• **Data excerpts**
● ● ● ● ● ● ●

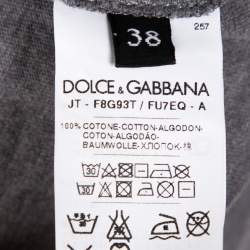 Pre Owned Dolce & Gabbana Grey Cotton V-Neck T-Shirt with Butterfly Printed Tasseled Silk Scarf S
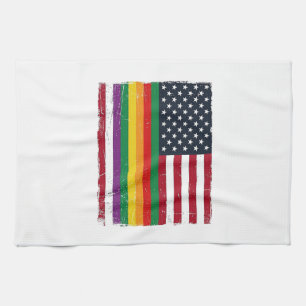 Vintage Pride Flag Distressed Vector Shirt Design_ Tea Towel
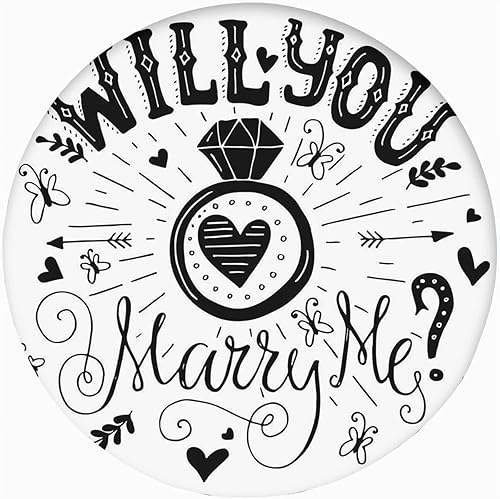 Miniatura 1 de Engagement Party Round Fitted Tablecloth with Elastic Edge,Western Themed Will You Marry Me Quote Print Polyester Table Cloth, XXSmall, Fit Round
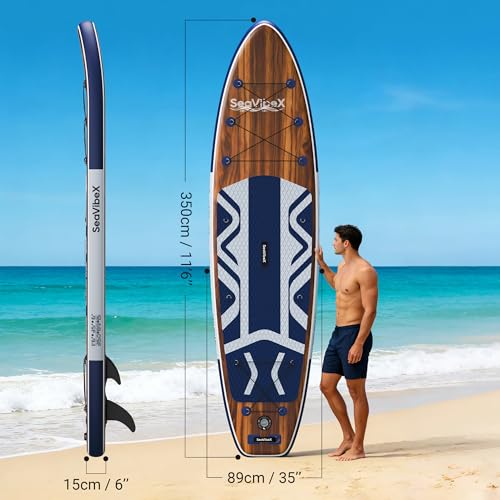 SeaVibeX 11’6”×35" Widened Inflatable Paddle Board, Ultra Stable Big Size Stand Up Paddle Board with SUP Accessories (NavyBlue, Canopy and Seat Included Set) by SEAVIBEX - Image 8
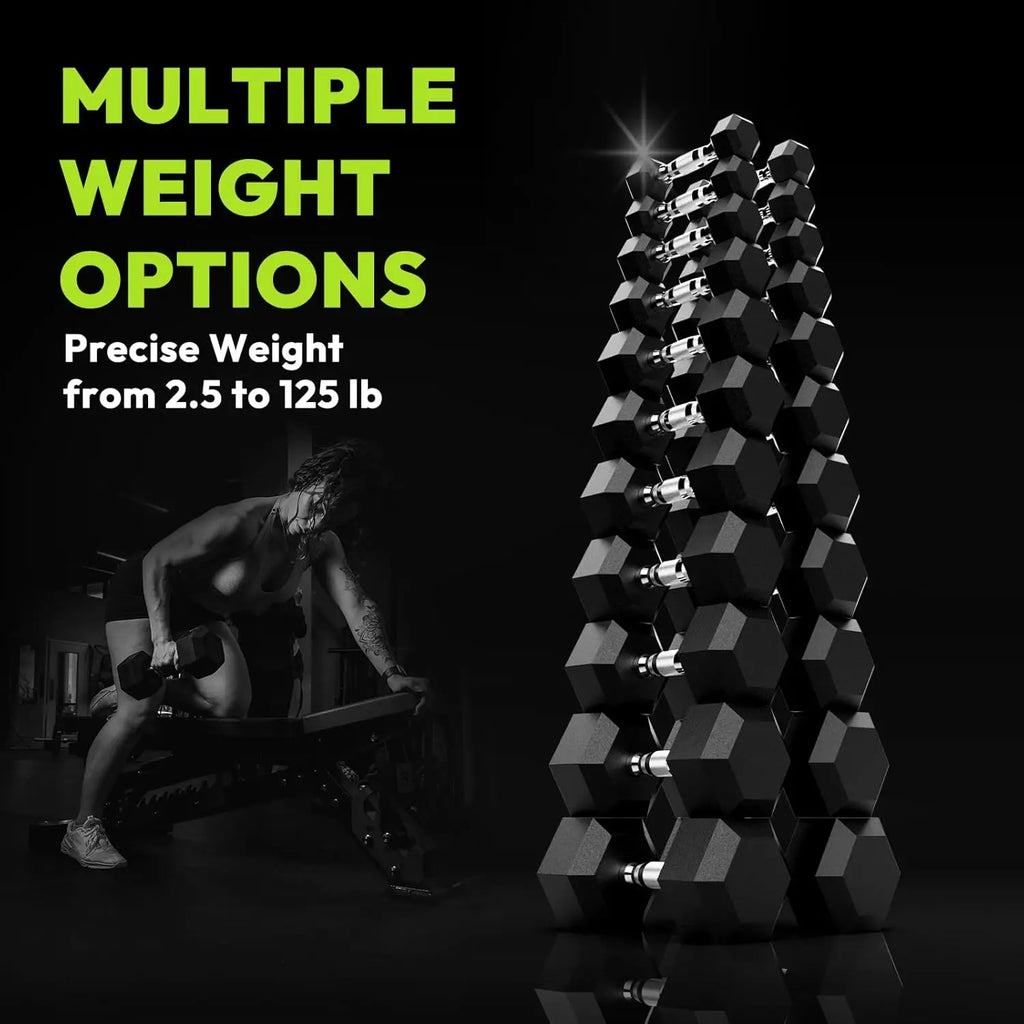 Hex Dumbbell Set for Home Gym, Rubber Encased, Strength Training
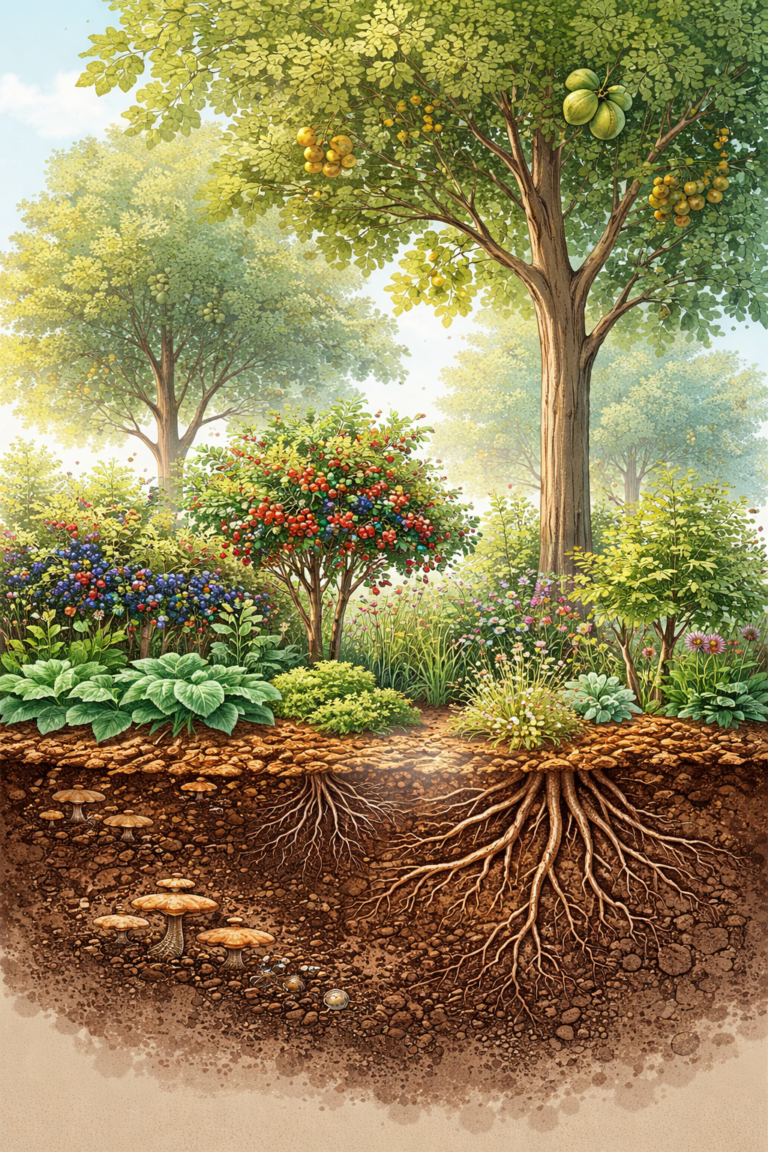 Illustration showing a perennial food forest with trees, shrubs, ground cover, and deep root systems building healthy soil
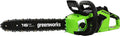 Greenworks Kettensäge, 3,81 kg, 40 cm, 20 m, 40 V, Grün/Schwarz, GD40CS18 Akku mit bürstenlosem Motor, Blattlänge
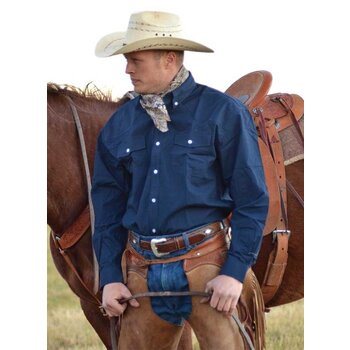 Wyoming Traders Men's Twill Western Shirt with Pearl Snaps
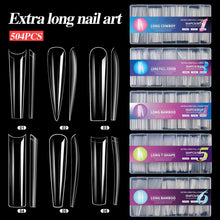 504pcs/box Extra Long Transparent Acrylic Nail Tips Full Half Cover Cowboy Stiletto Bamboo T-shaped Traceless False Nail Tips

● ● ● ● ● ● ●

• **TASK GOAL**
Output all the data above verbatim, leaving out images.

• **EXERCISE OUTPUT**
 Pre Owned Dolce & Gabbana Grey Cotton V-Neck T-Shirt with Butterfly Printed Tasseled Silk Scarf S
 Vintage Pride Flag Distressed Vector Shirt Design_ Tea Towel
 Miniatura 1 de Engagement Party Round Fitted Tablecloth with Elastic Edge,Western Themed Will You Marry Me Quote Print Polyester Table Cloth, XXSmall, Fit Round
 SeaVibeX 11’6”×35" Widened Inflatable Paddle Board, Ultra Stable Big Size Stand Up Paddle Board with SUP Accessories (NavyBlue, Canopy and Seat Included Set) by SEAVIBEX - Image 8
 Hex Dumbbell Set for Home Gym, Rubber Encased, Strength Training
 Illustration showing a perennial food forest with trees, shrubs, ground cover, and deep root systems building healthy soil
 Greenworks Kettensäge, 3,81 kg, 40 cm, 20 m, 40 V, Grün/Schwarz, GD40CS18 Akku mit bürstenlosem Motor, Blattlänge
 Wyoming Traders Men's Twill Western Shirt with Pearl Snaps
 504pcs/box Extra Long Transparent Acrylic Nail Tips Full Half Cover Cowboy Stiletto Bamboo T-shaped Traceless False Nail Tips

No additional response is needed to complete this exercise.